── RECORD SET ──

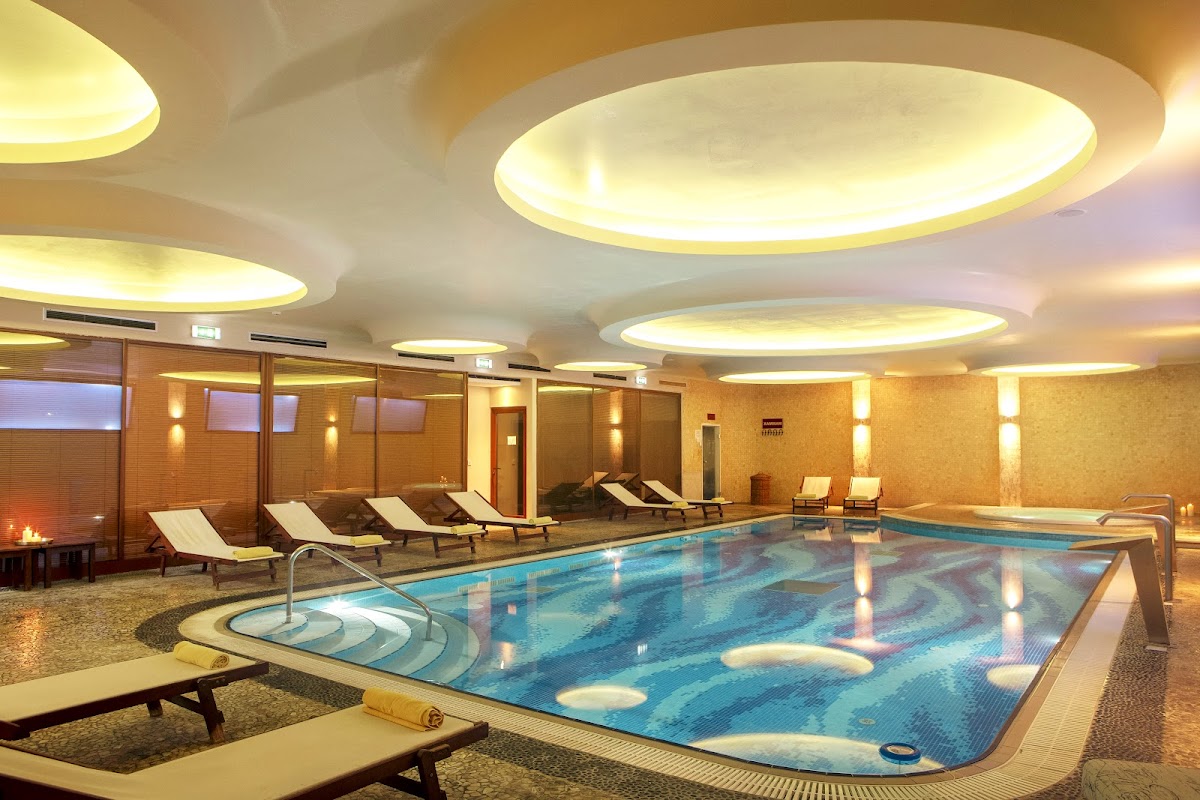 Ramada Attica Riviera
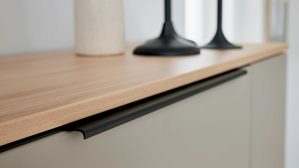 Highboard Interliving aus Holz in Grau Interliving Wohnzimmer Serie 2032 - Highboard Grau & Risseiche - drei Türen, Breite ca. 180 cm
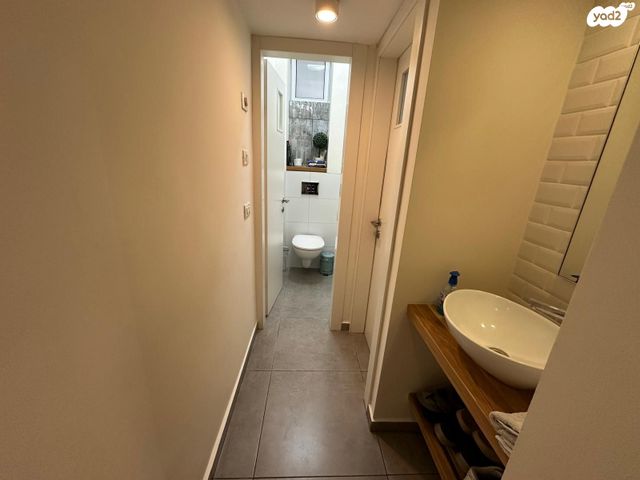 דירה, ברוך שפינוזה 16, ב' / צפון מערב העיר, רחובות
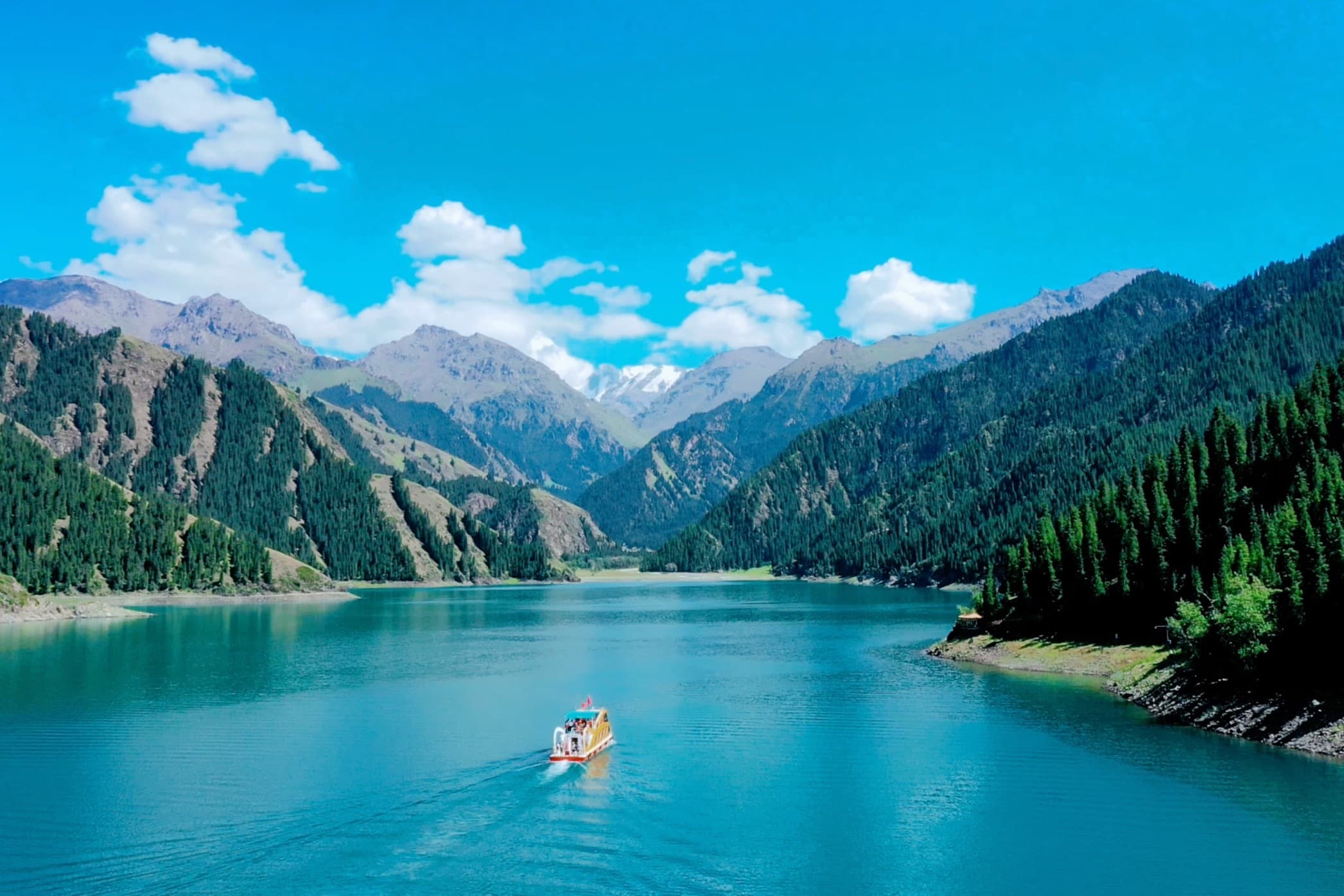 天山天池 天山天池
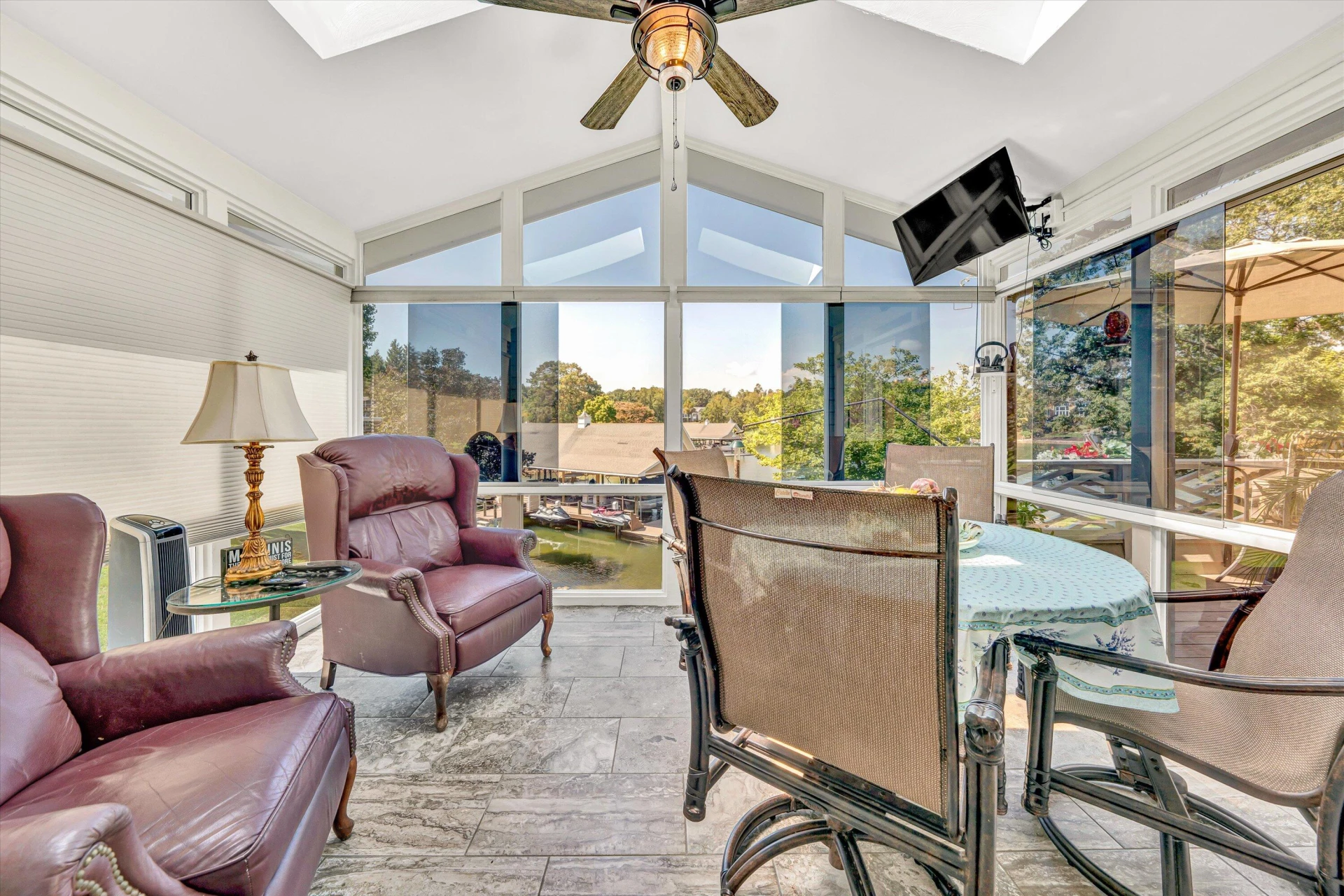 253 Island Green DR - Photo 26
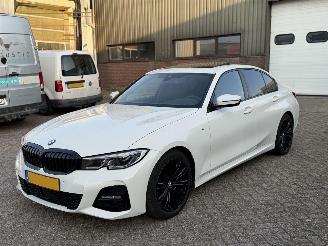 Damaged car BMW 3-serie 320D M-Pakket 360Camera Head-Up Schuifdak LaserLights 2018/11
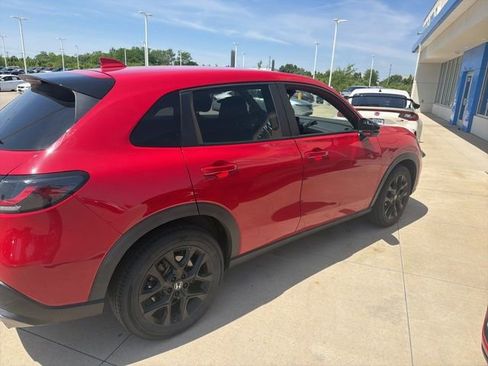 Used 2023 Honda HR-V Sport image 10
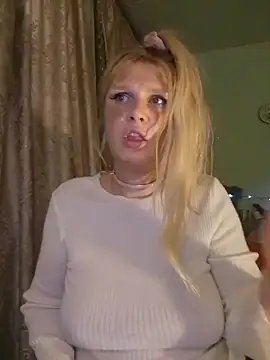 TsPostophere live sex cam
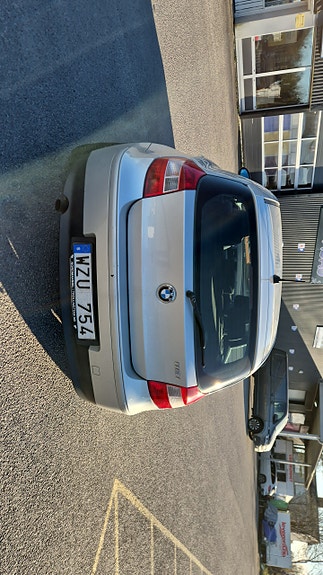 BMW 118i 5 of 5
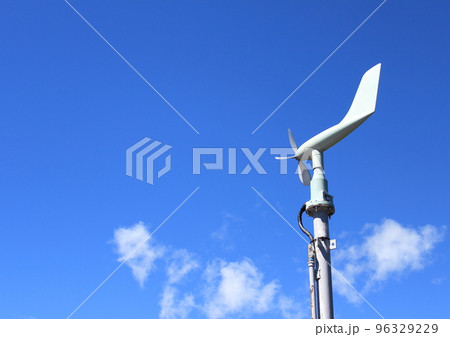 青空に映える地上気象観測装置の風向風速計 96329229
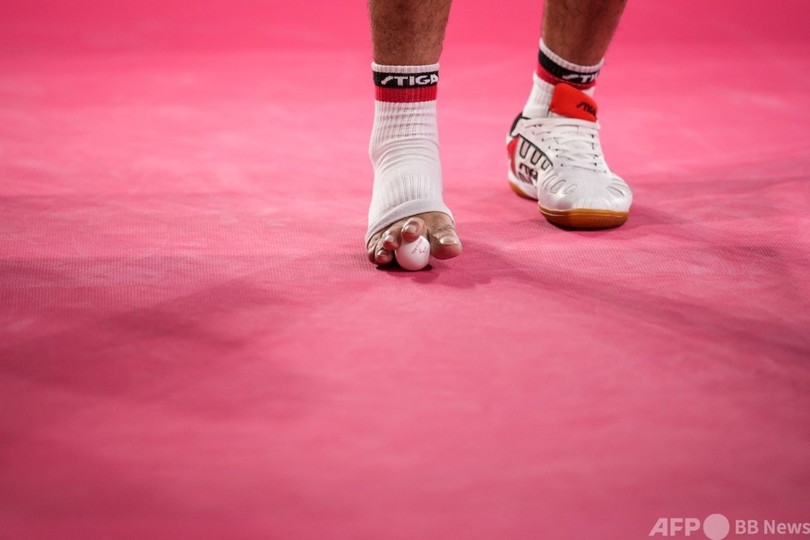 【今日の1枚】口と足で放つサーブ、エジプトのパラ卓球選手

───

__PROBLEM TO SOLVE__. An exact retyping of the entries, without images, is the required answer.

__RESPONSE TO THE EXERCISE__.
 Ramada Attica Riviera
 Highboard Interliving aus Holz in Grau Interliving Wohnzimmer Serie 2032 - Highboard Grau & Risseiche - drei Türen, Breite ca. 180 cm
 דירה, ברוך שפינוזה 16, ב' / צפון מערב העיר, רחובות
 天山天池 天山天池
 253 Island Green DR - Photo 26
 Damaged car BMW 3-serie 320D M-Pakket 360Camera Head-Up Schuifdak LaserLights 2018/11
 Used 2023 Honda HR-V Sport image 10
 TsPostophere live sex cam
 BMW 118i 5 of 5
 青空に映える地上気象観測装置の風向風速計 96329229
 【今日の1枚】口と足で放つサーブ、エジプトのパラ卓球選手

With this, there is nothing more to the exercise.